Cada vez que un(a) canadiense me pregunta que cómo es posible que yo prefiera soportar su duro invierno, cuando en mi tierra hace verano todo el año y sus paisajes son lo más cercano al paraíso que sus ojos hayan visto jamás, me toca explicarle eso que ellos tienen y que por ende dan por sentado, pero que a nosotros nos falta: calidad de vida.
Tras dicha pregunta debo hacer siempre un repaso en mi cabeza de las motivaciones que me llevaron a marcharme del país, no sin antes cuestionar una decisión tomada a expensas de la cercanía de familia y amigos, entre otros privilegios y comodidades; y entonces vuelvo a recordar todo aquello que me iba convirtiendo en una ciudadana inconforme y frustrada, borrando de tirón toda duda pasajera.
A quien haya nacido y vivido en la República Dominicana la lucha diaria por llevar una existencia digna no le es ajena. Aquí hay que luchar a pecho abierto para la defensa de nuestros derechos más fundamentales, incluso aquellos que por simple convencionalismo deberían ser incuestionables, porque se supone que forman parte del contrato social implícito entre ciudadanos. Luchar constantemente y no bajar la guardia jamás, so pena de convertirse en víctima de la lucha personal por la supervivencia de alguien más.
Algo tan sencillo como el transitar cotidianamente nuestras calles es en sí misma una lucha por la propia integridad física. En la selva de concreto que es la ciudad de Santo Domingo, el constante acoso de conductores temerarios, buscones y pedigüeños; la contaminación acústica, atmosférica y visual y el imperante irrespeto a las leyes de tránsito, de la civilidad y la convivencia pacífica están a la orden del día, volviéndola cada vez más insoportable.
Ni hablar de la inseguridad ciudadana, como principal problema que nos afectan hoy día. Actividades tan simples y necesarias como salir a caminar o ejercitarse en algún parque, pasear al perro por el vecindario o estacionar el vehículo en la vía pública son de tan alto riesgo que muchos simplemente prefieren no correr, pues ya se tienen ejemplos suficientes de porqué es preferible no hacerlo.

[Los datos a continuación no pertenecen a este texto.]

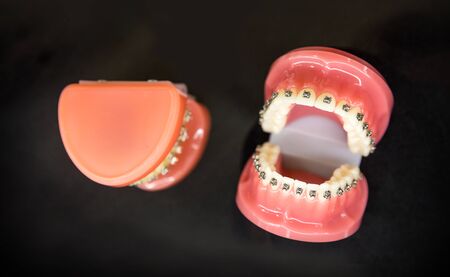 Orthodontic, denture closeup, black backgroundの写真素材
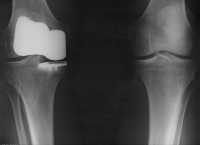 “3 of 3 X-ray Journey Deuce knee replacement, Michael L. Baird 29 Dec. 2008” by Mike Baird is licensed under CC BY 2.0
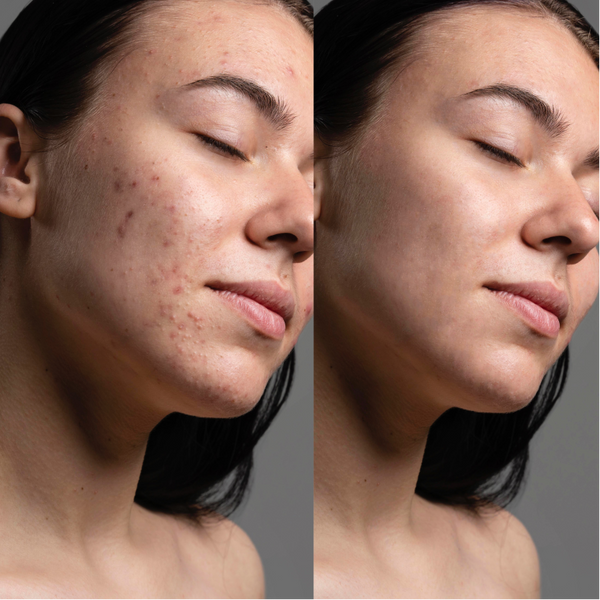 Вакуумний очищувач шкіри та пор Medica+ SKINCLEANER 9.0 WT MD-50118 фото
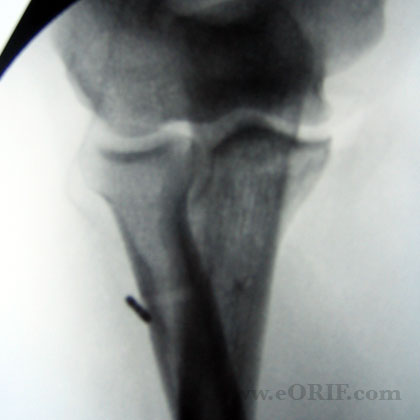 distal biceps tendon repair xray distal biceps tendon repair xray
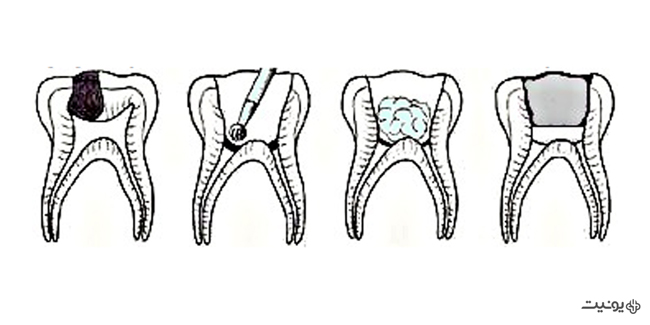 فرایند پرفوریشن چیست؟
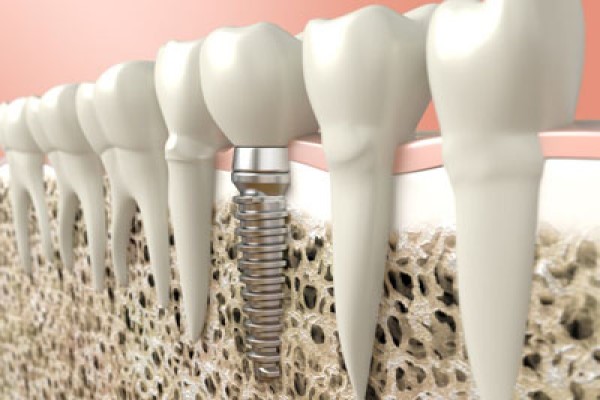 Bone Graft For Dental Implants Plano, TX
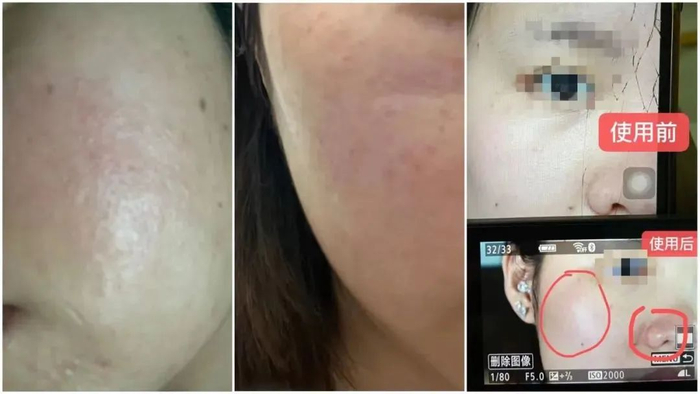 记者加入的“薇诺娜”冻干面膜维权群里，多位消费者发出使用后出现泛红的实拍照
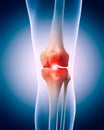 The painful knee Royalty Free Stock Photo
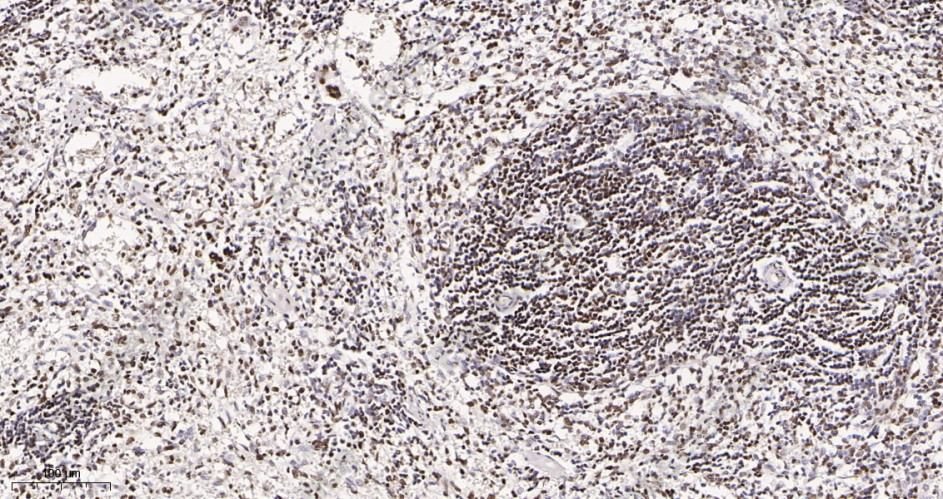 Recombinant HDAC2 Monoclonal Antibody - 3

La violencia y la criminalidad golpean cada vez más cerca, robándonos el sueño y la tranquilidad. Nos invade el completo desasosiego; la amenaza de que en cualquier momento podrías ser tú o un ser querido la próxima víctima de la delincuencia. Cualquier don nadie posee un arma de fuego y no dudará en hacer uso de ella ante la mínima oportunidad. Para colmo hay que cuidarse también de aquellos que supuestamente están para garantizar nuestra seguridad, ya que delinquir es la única manera de compensar los bajos salarios que reciben.
Mas no son sólo los policías los únicos mal pagados. También los maestros, los militares, los empleados públicos y todo aquel que dependa de un sueldo, tanto en el sector público como en el privado, padecen este mal. Salarios que no se corresponden con la labor desempeñada y mucho menos con el costo de la vida.

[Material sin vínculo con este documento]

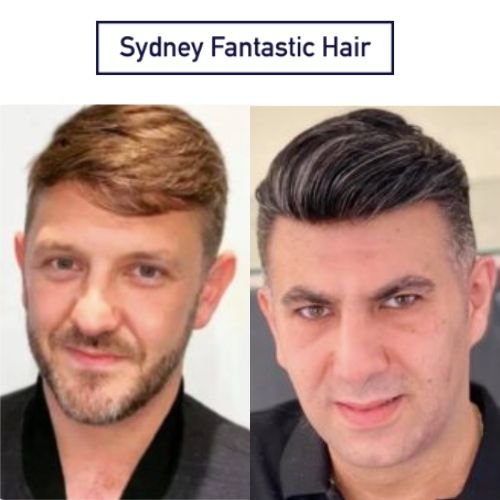Wigs at Sydney Fantastic Hair, NSW, Australia.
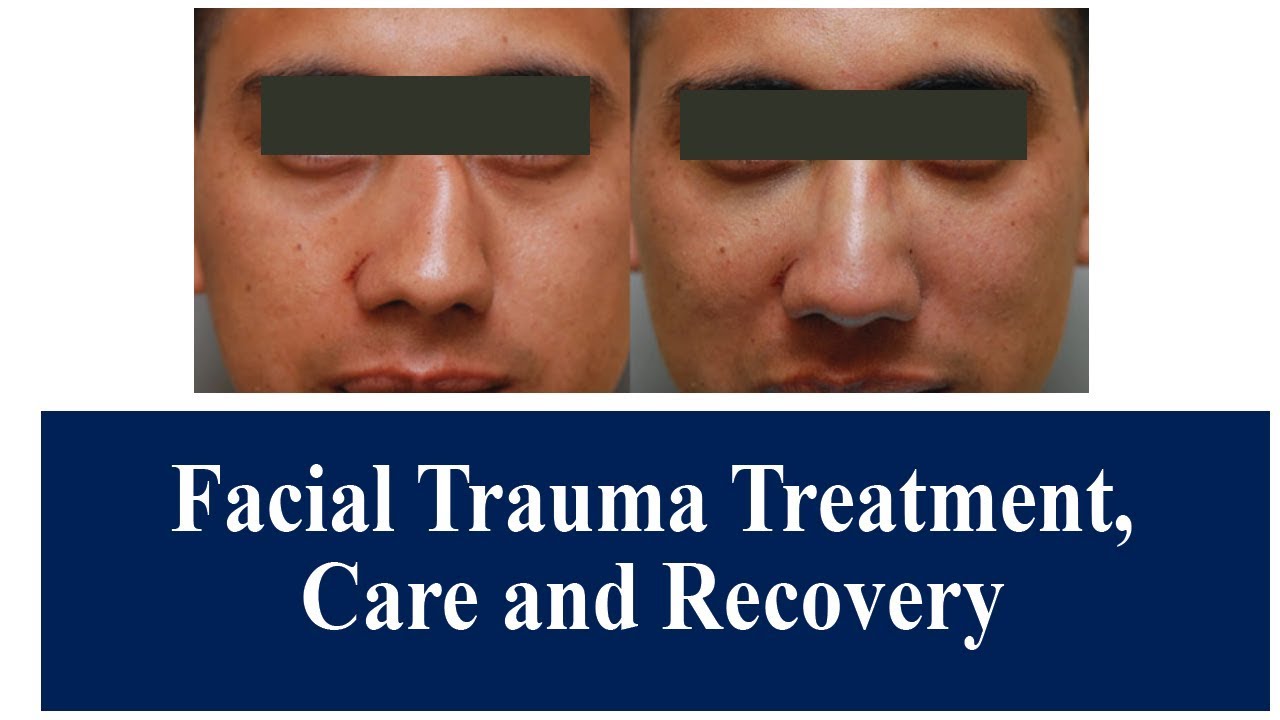 Facial Trauma & Fractures Repair | The Esthetic Clinics, India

Mantener un estándar de vida normal, además de difícil, sale sumamente caro en nuestro país. Teniendo que costear la propia seguridad, pagar por un servicio de energía eléctrica caracterizado por sus largos y constantes apagones, pagar por unos combustibles de los más caros de la región y encima los (ya altos) impuestos al alza, nos volvemos cada vez más pobres.
Mientras tanto, educación y salud públicas de un mínimo estándar de calidad son quimeras con las que los dominicanos y dominicanas sólo tenemos derecho a soñar. Aunque si bien la asignación del 4% del PIB a la educación preuniversitaria es una victoria que el pueblo, con toda razón, clama como propia, la lucha por la conquista de educación digna apenas comienza y los frutos de la inversión están muy lejos de ser palpables.
Por todo esto y mucho más, por la calidad de vida que no tenemos, yo, como tantos otros engrosando las estadísticas, decidí que prefiero tener la opción de llevar una vida tranquila, lejos de las frustraciones e inconformidades, no obstante a sabiendas de los desafíos que como migrante me toca afrontar.